藝大生が大切にする「デッサン上達の5つのポイント」。

 

こんにちは! 

アートスクールオンライン講座・デッサンコース講師のTakashiです。 

今回は デッサン上達のために役立つ「5つのポイント」 をご紹介します。  

どれも一見当たり前に思える内容ですが、実は意外と見落とされがちな盲点でもあります。  

藝大生の間では常識だけれど、ネット上ではあまり言及されないような実践的なアドバイスをまとめました。 

「自分のデッサン、なぜか上手くいかない」という方は、ぜひ試してみてください! 

それでは、さっそく見ていきましょう!  

 

 

 

 

 

1. 光源の位置を確認する

デッサンで見落としがちなのが、 光源の位置 です。

デッサンにおいて「光を描く」という意識は非常に重要です。  

例えば、外でデッサンするとき。「この花を描こう!」と思ったら、

絵を描き始める前に まずは光源の位置を確認してください。

太陽(光源)はどの方向にあるか? 

 光源は雲に隠れているか?それとも直射日光か?

光が強くなったり弱くなったりしていないか? or それとも一定の光量か? 

デッサンをする時には、

明るいところ(光) / 暗いところ(影) / その中間(稜線)

の描き分けが非常に重要になってきます。

光源がどこにあるかをあらかじめ確認しておくと、色を描き分けるエリアを整理しやすくなり、

立体感のあるデッサンが描けるようになります。  

 

 

よくあるミス

 

よくあるミスの一例として、

光が上から届いているにも関わらず、モチーフの立面(りつめん)に色が置かれていない。

ということがあります。

上のような立方体で色の変化を見落とすことはありませんが、パイナップルやリンゴなど、

色や模様があるものでは立面(りつめん)の処理を忘れがちになるので注意しましょう。

 

 

この考え方は 室内でのデッサンにも共通します。  

例えば、部屋のライトがどこにあるか、窓から入る光がどのように影を作っているかなど、

光源を真っ先にチェックする習慣をつけましょう。  

 

 

 

2. モチーフをぐるりと一周観察する

「さあ、イーゼルを立てて描こう!」

…その前に、モチーフをぐるりと一周見てみましょう。

一番暗い部分はどこか?

光はどこから当たっているのか?

座った位置からの視点だけでなく、全方向の情報を知っているかどうかで、デッサンの説得力が大きく変わります。

例えば、座った位置からは「ここが一番暗い」と思っていたのに、

反対の位置から見ると意外とそうでもなかった、ということがあります。

角度を変えて観察することで、「本当に影が強い部分」「見え方の影響で暗く見えているだけの部分」 を見極めることができます。

「この角度から見ると、色や形がこう見える」と理解したうえで描き始めるだけで、デッサン力がぐっと上がります。

 

 

 

 

 

 

3.離れて見る。
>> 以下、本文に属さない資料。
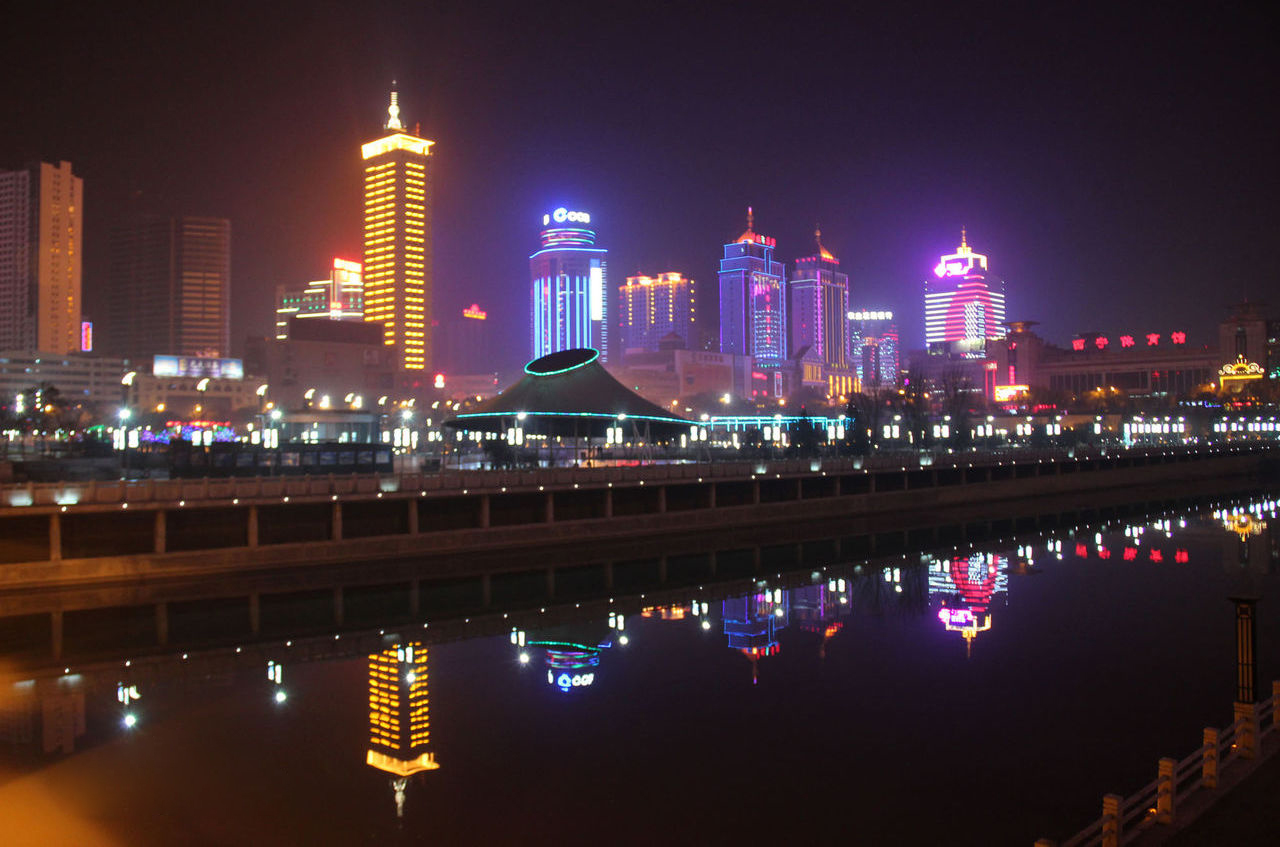 1567412215981858.jpg 夜色下的西宁.jpg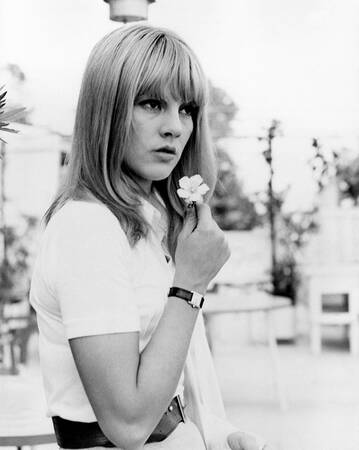 Sylvie Vartan met een bloem Sylvie Vartan met een bloem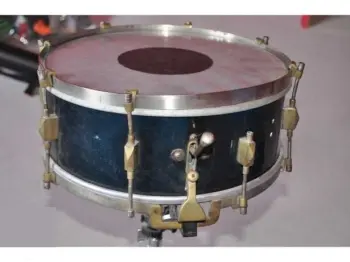 Unknow old snare - help me identifying it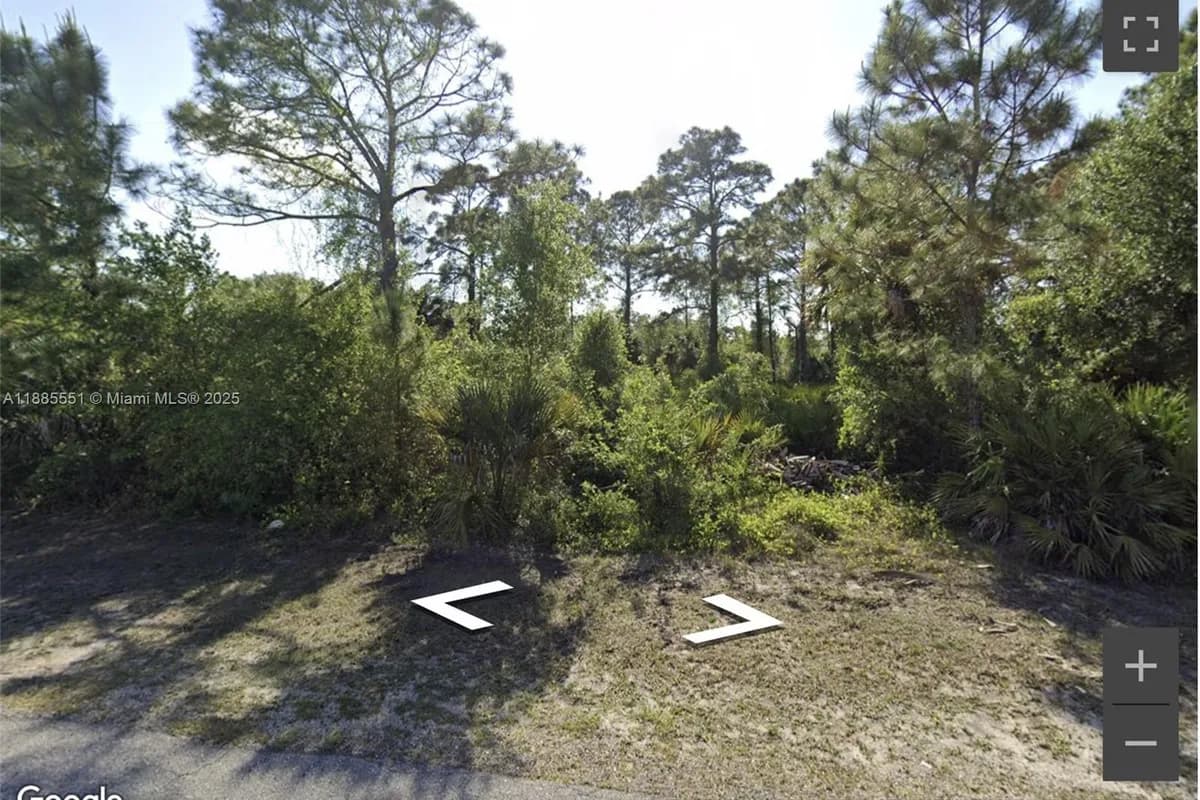 617 Henry Ave, Lehigh Acres FL 33972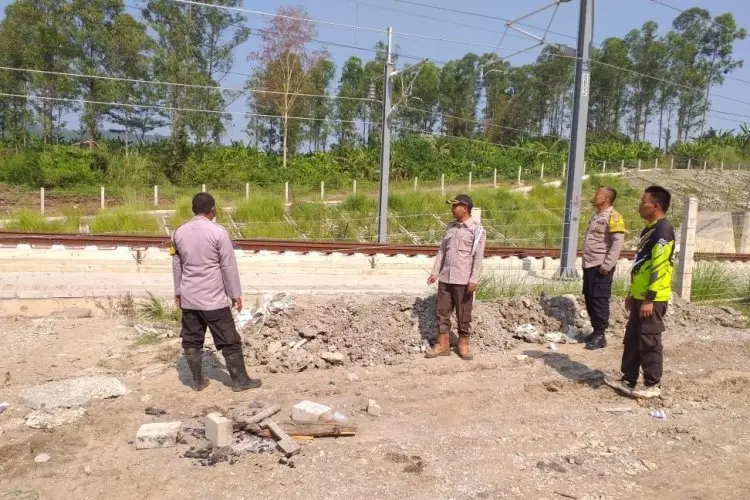 Polisi Jaga Ketat Proyek KCJB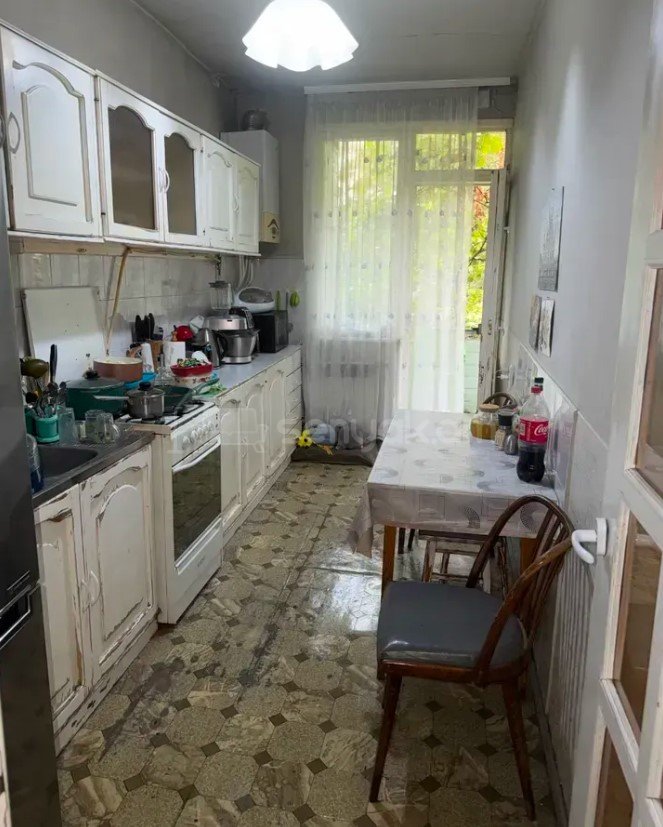 3 Սենյականոց Բնակարան Քարե Շենքում, 95քմ, 2/7 հարկ, Կոսմետիկ Վերանորոգված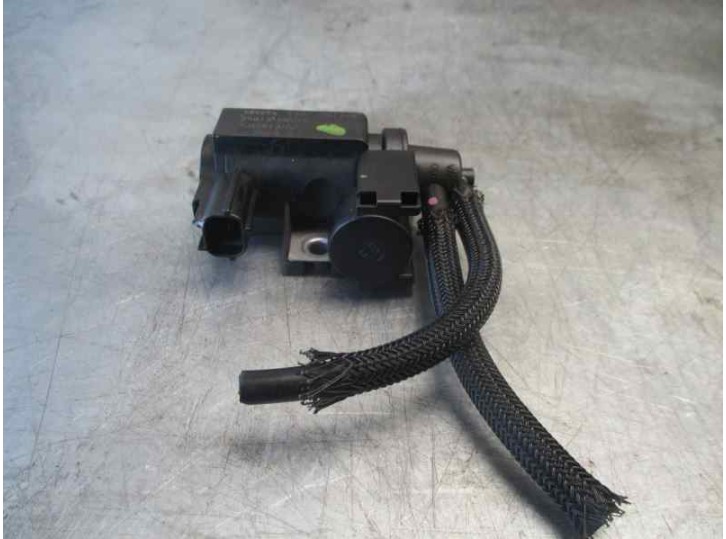 Recambio de electrovalvula vacio para toyota avensis berlina (t25) 2.2 d-4d cat referencia OEM IAM 258190R010 70051307 PIERBURG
もっともっと離れて見る。

描いている最中、モチーフを近くで観察するのを止めてみるのも良い手です。

時々少し後ろに下がり、全体をチェック することを習慣にしましょう。 

近くで見ているときは気づかなかったバランスの崩れや、トーンのムラなどが、ちょっと離れるだけで見えてくることがあります。 

 

 

 

 

4. 工業製品にはデザインした人の意図がある!

デッサンで工業製品を描くとき、「ただのモノ」として見るか、「誰かがデザインしたもの」として見るか で、観察の深さが大きく変わります。  

例えば、あなたが描こうとしている瓶。  

瓶のサイズ → 瓶の全長に対して、横幅をあえて黄金比(1:1.618)比率になるようにデザインしているかもしれません。 
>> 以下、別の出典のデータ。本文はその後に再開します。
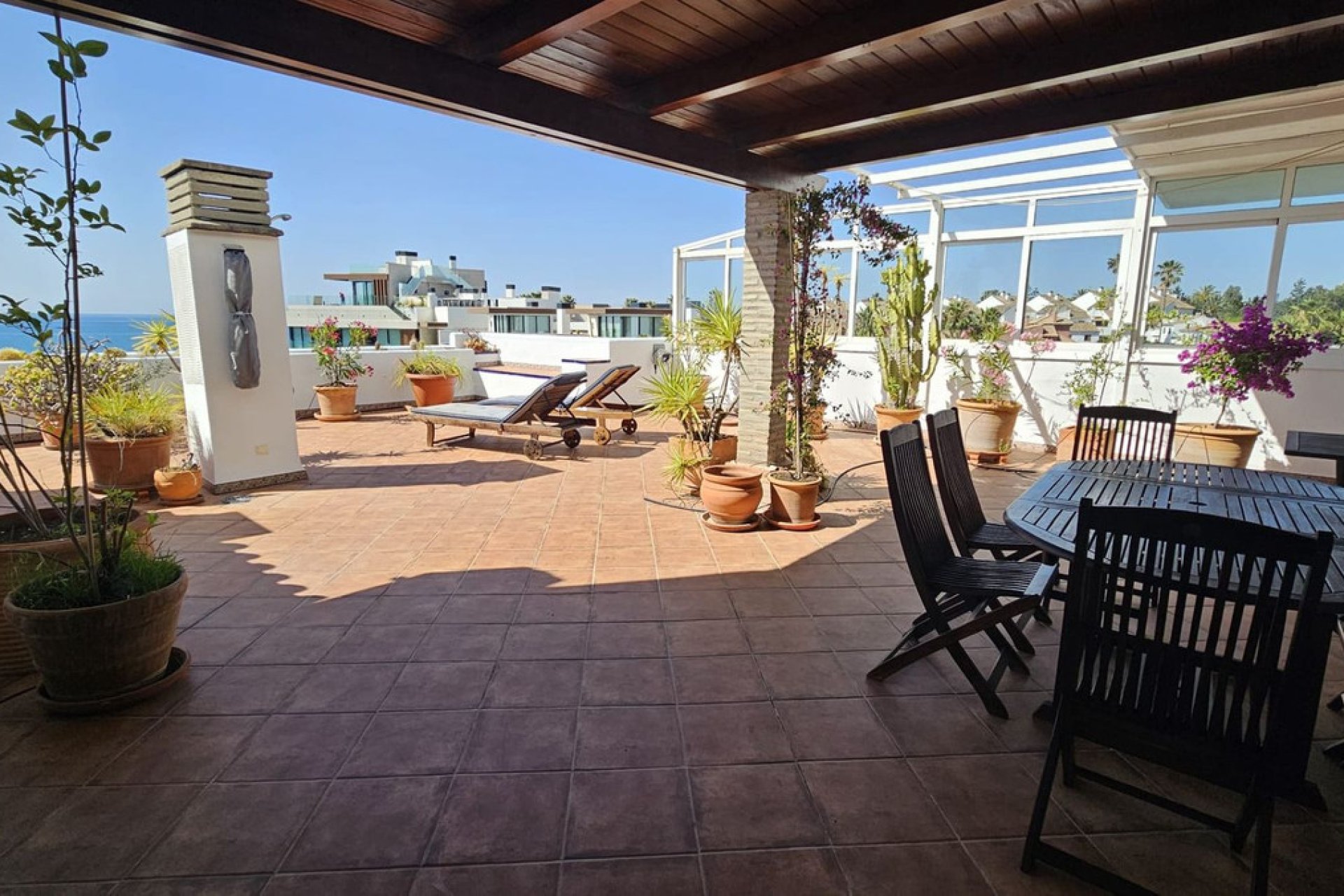Resale - Apartment - Top Floor Apartment - Estepona - Estepona Centro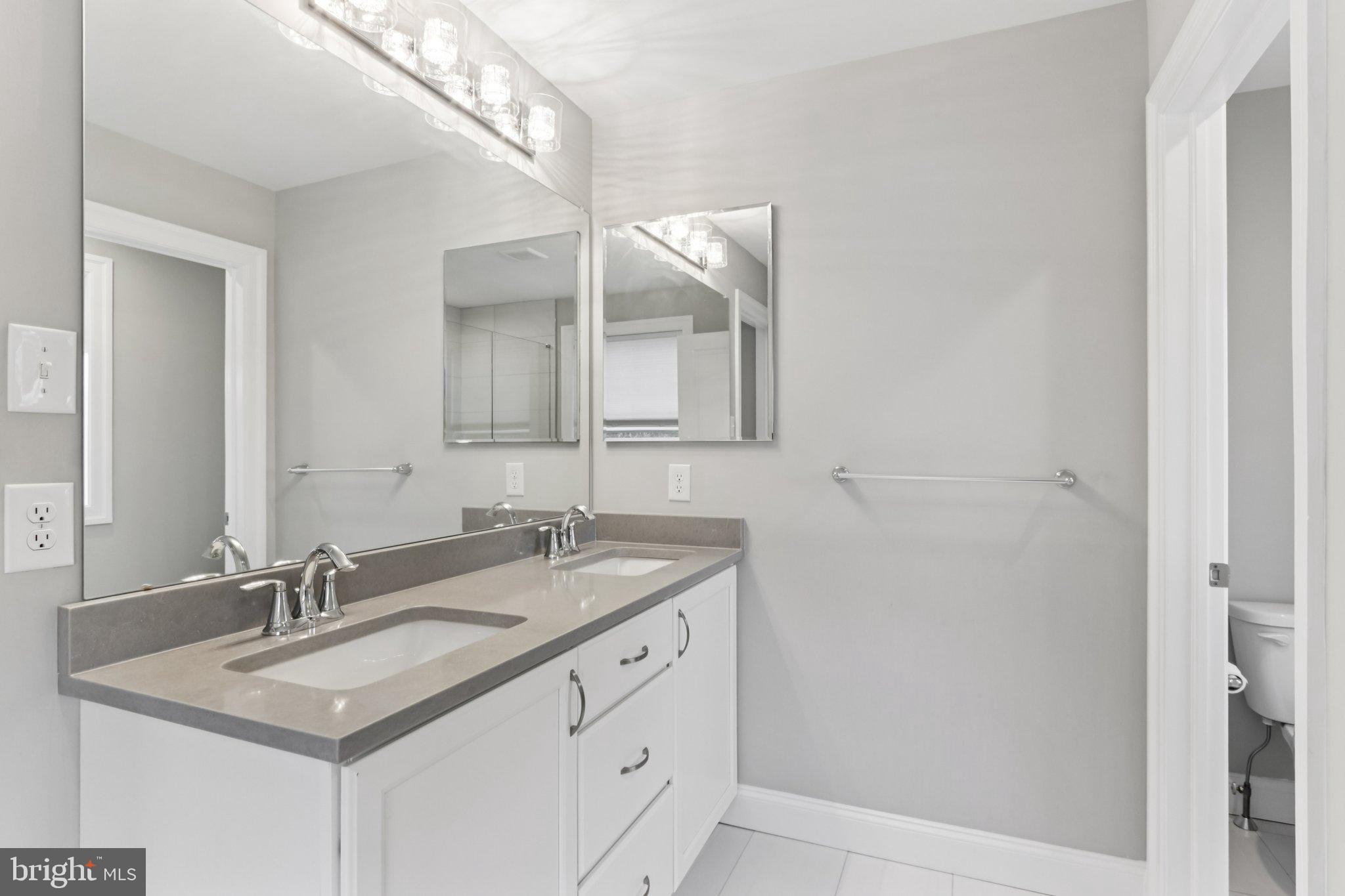 LAFAYETTE HILL - Residential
        デザインした人の誕生日が1月8日だから、1:1.8にした なんてこともあるかもしれませんね。)

       どんなデザインであれ、 その形や大きさには何か理由があるはず。 と考えてみましょう。

表面の加工 → 高級感・上品さを演出するために、あえて角を丸くしている可能性がある。  
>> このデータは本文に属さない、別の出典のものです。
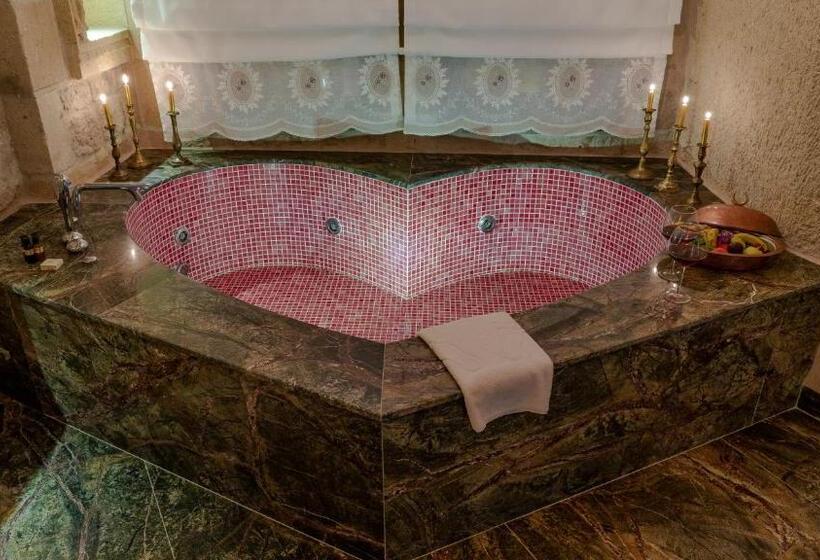 سوییت با استخر, Elika Cave Suites & Spa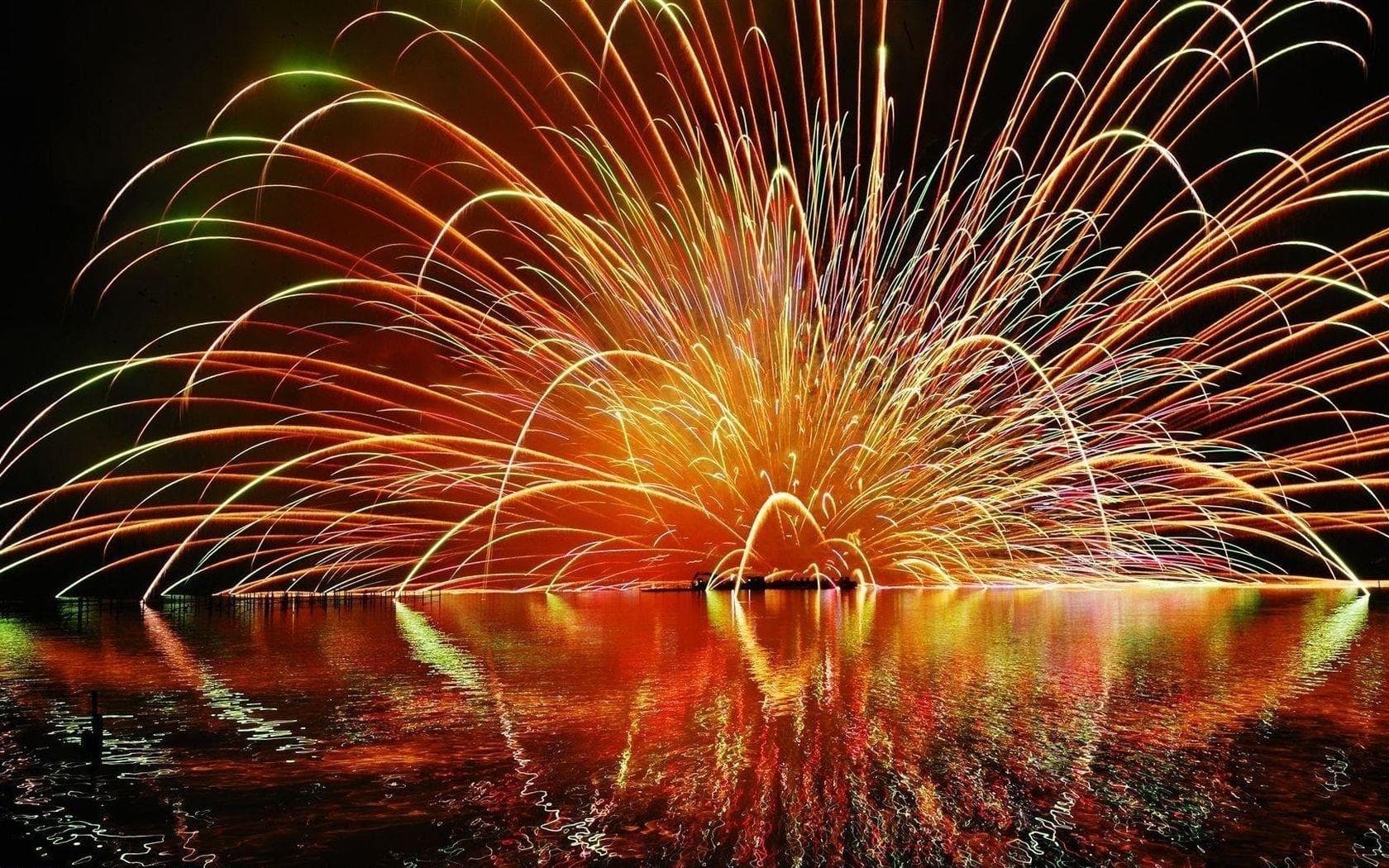 Boat Charters: Ferragosto Fireworks & Dinner in Positano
形状や色 → 製造された時代によっては、使用できる素材に限りがあり、その色や形状でしか製造できなかったかもしれない。 

このように、工業製品には「なぜこの形なのか?」というデザインの意図が隠れています。  

その背景を知り、意識しながら観察すると、デッサンの理解も深まり、結果的に上手く描けるようになります。  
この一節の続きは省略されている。